::: SUPPLIED DATA :::

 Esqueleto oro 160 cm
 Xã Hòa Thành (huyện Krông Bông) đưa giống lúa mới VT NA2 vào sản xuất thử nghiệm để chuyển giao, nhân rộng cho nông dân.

:::
::: SUPPLIED DATA :::

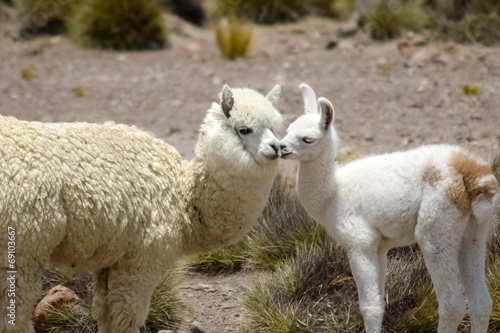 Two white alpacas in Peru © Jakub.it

:::

> _DIRECTIONS_: Looking at the entries above, can you reproduce exactly the lines from the one that holds "Esqueleto oro 160 cm" through the one that holds "Xã Hòa Thành", and only those?

> _FINISHED TASK_:
 Esqueleto oro 160 cm
 Xã Hòa Thành (huyện Krông Bông) đưa giống lúa mới VT NA2 vào sản xuất thử nghiệm để chuyển giao, nhân rộng cho nông dân.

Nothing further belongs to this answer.